LE PARTITE - Accertamenti sono in corso anche per i genoani Sculli (per il quale era stato chiesto l'arresto ma il gip lo ha negato) e Kaladze. «In questa nuova tranche dell'inchiesta sono emerse manipolazioni di partite di A del campionato 2010-2011, tra cui Lazio-Genoa 4-2 e Lecce-Lazio 2-4», ha detto Raffaele Grassi, dirigente dello Sco, al telefono a SkyTg24. «Le indagini hanno oltremodo confermato l'esistenza di questa organizzazione transnazionale composta da singaporiani e balcanici, a cui si è aggiunta una componente ungherese», ha spiegato Grassi. Ecco l'accusa per i 19 destinatari di provvedimenti restrittivi, 17 sono arresti in carcere o ai domiciliari. Cinque - tre già eseguiti - riguardano l'Ungheria: «Per conto del gruppo criminale transnazionale, i giocatori italiani - militanti in serie A, B, Lega Pro - avrebbero agito, a vario titolo, come referenti del sodalizio transnazionale sul territorio italiano per la combine delle partite di calcio», spiega la polizia nella nota. Il gruppo criminale fa capo «al boss singaporiano Tan Seet Eng, colpito da provvedimento restrittivo nel dicembre scorso e ritenuto il capo dell'organizzazione internazionale dedita al match fixing».
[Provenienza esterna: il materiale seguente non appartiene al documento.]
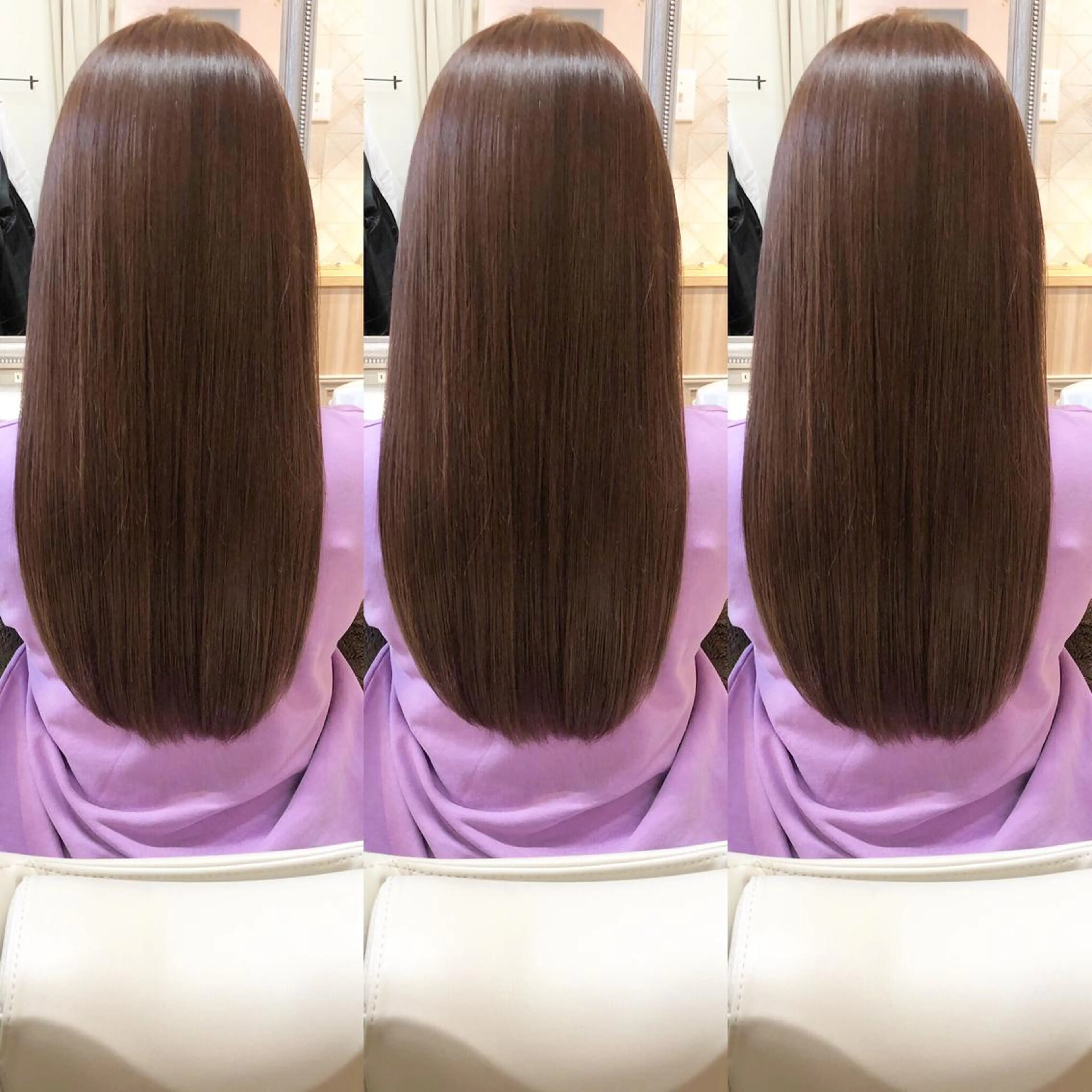 ロング カラー アディクシーカラー イルミナカラー くせ毛 髪質改善 縮毛矯正 tuuli トゥーリのヘアスタイル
L'OPERAZIONE - Le indagini sono concentrate su appartenenti ad una organizzazione transnazionale dedita alla combine di partite di calcio (match fixing), operante in Italia e in diversi Stati esteri», dice una nota della polizia di Cremona. L'operazione «Last Bet» costituisce una nuova tranche dell'inchiesta conclusasi lo scorso 17 dicembre con l'arresto di 17 persone. «Una delle novità più importanti è la presenza di un gruppo di ungheresi tra i destinatari dei provvedimenti. Alcuni di loro sono già detenuti in Ungheria per fatti identici», spiega il sostituto di Cremona Roberto Di Martino in conferenza stampa. «Questo gruppo si è parzialmente sostituito al gruppo degli zingari che ha subito in Croazia degli arresti per il campionato locale. Ci sono comunque rapporti tra Ungheresi e slavi. La partita alla quale fanno riferimento gli atti che ci sono stati trasmessi è Lecce-Lazio (due milioni di euro la vincita realizzata su questa partita, per la quale, secondo gli investigatori, sarebbero stati spesi 600mila euro per la corruzione dei calciatori), però il gruppo degli ungheresi si è inserito in tutta un'altra serie di partite del campionato di serie A come Bari-Sampdoria. In una prima fase, nel giugno 2011, erano state tratte in arresto altre 16 persone, tra cui Beppe Signori. L'ex bomber della Nazionale e il calciatore Luigi Sartor sono stati indagati per riciclaggio in concorso con il commercialista Daniele Ragone e Luca Burini, dipendente di una società di autoricambi di Forlì, entrambi ai domiciliari. Tra l'altro sono state individuate società facenti capo a Beppe Signori su cui sono stati versati oltre 700 mila euro. «In queste società - ha detto il procuratore capo di Cremona, Roberto Di Martino - sono transitati prima 289 mila euro e poi 489 mila, quest'ultimo importo ipotizziamo sia il corrispettivo per la partita Brescia-Lecce». Gli investigatori ipotizzano in questa fase dell'indagine il reato di riciclaggio.